Case Presentation: A 20 year old male with past medical history significant for chronic phase CML, diagnosed approximately 1 year prior to admission, presents for evaluation of worsening right leg pain over the past 2-3 months. At the time of diagnosis of CML, he was started on Imatinib and shortly after developed diffuse bone pain. Repeat bone marrow biopsy at 7 months showed minor cytogenetic response on Imatinib and patient was switched to Desatinib, with improvement in bone pain. Repeat bone marrow biopsy at 3 months following initiation of Desatinib showed patient to have complete cytogenetic response. Approximately one month later, patient began to notice worsening pain in his lower back and right hip. A MRI of the lumbar spine showed bulging disks of L3-L5 which was thought to be the cause of the pain. After several months of physical therapy and epidural spine injections the patient’s lower back pain resolved but he continued to have progressive hip pain that became so severe that he was unable to ambulate. On admission, his right lower extremity was exquisitely tender on range of motion testing. MRI of right femur was obtained which showed proximal large mass with bony destruction and extra osseous extension into the adjacent musculature. Biopsy of mass was obtained which came back significant for femoral sarcomatous transformation of patients CML. Hospital stay was complicated by pathologic fracture of the right hip. Given the size and extent of the sarcoma no intervention was possible at the time. He was started on induction chemotherapy (CLA + pinotinib) in an attempt to shrink the mass and subsequently underwent 2 more rounds of consolidation chemotherapy with reduction in size of R femur mass. He is currently being followed as an outpatient by orthopedic surgery for possible surgical intervention and is also being evaluated by bone marrow transplant team for future haploidentical transplant, as his brother has been identified as suitable donor.

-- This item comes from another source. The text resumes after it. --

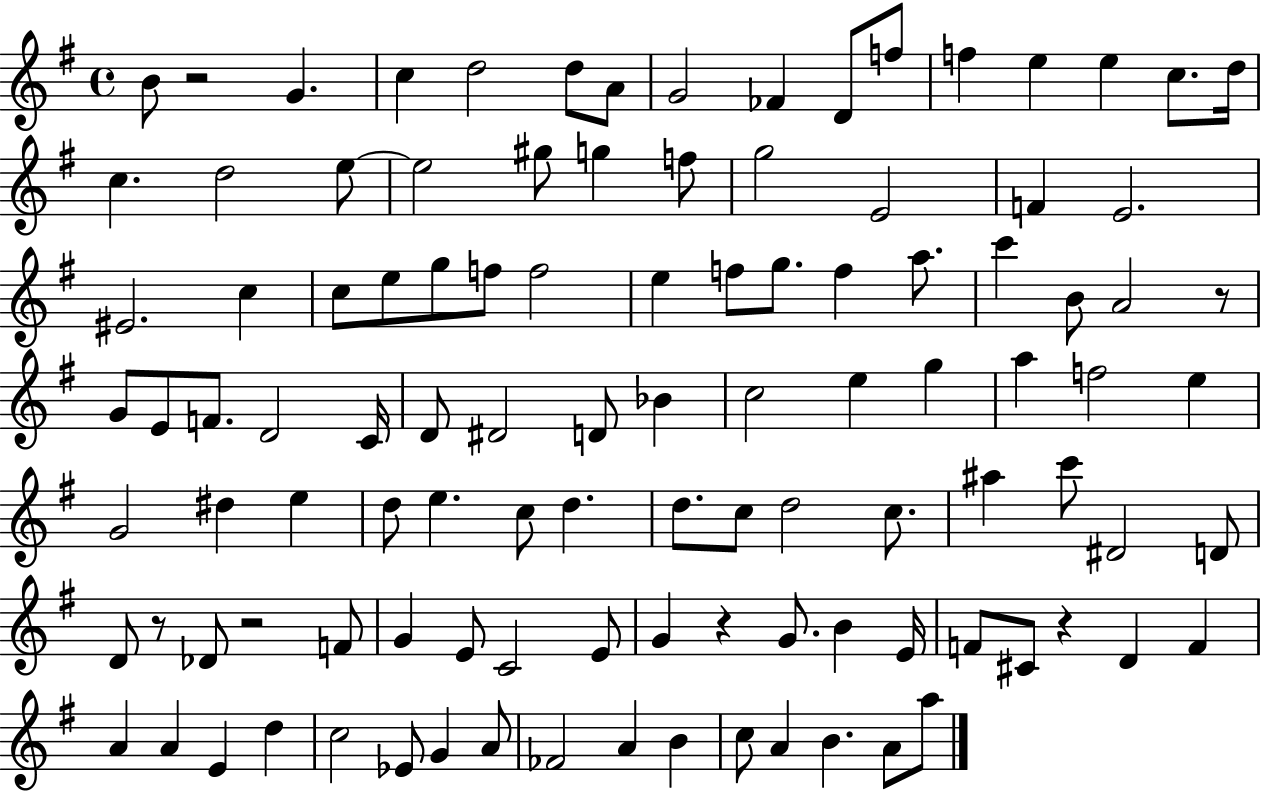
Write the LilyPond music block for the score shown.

Discussion: Sarcomatous transformation of CML is a rare finding that usually occurs later in the natural history of the disease and confers a worse prognosis. Prior studies have reported a 7-17% occurrence of extramedullary disease, often myeloid sarcomas, in patients with CML. Although relatively rare, patients with this finding tend to have a higher risk of going on to develop rapid blastic marrow transformation or often, are found to be in blast crisis at the time of presentation. Management for extramedullary disease depends on previous therapy, type of leukemia, and location and extent of disease. Tyrosine kinase inhibitors continue to be the mainstay of treatment in many cases, but often can require other systemic treatments, localized radiation, and bone marrow transplant. Although quite effective in the management of CML, TKI’s have been shown to be significantly less effective in pts found to have myeloid sarcomatous transformation.
Conclusions: This is a rare case of femoral sarcomatous transformation of CML in a patient that was previously thought to have had complete cytogenetic response on desatinib. Unfortunately, while the patient had cleared his bone marrow of disease, he had not cleared his peripheral blood. This conveys a significantly worse prognosis for our patient and increases his risk of going on to develop future blast crisis. Due to the location and size of the sarcoma our patient experienced significant morbidity, leading to extensive hospitalization. This might have been prevented, had a diagnosis of sarcoma been entertained earlier in the patients course.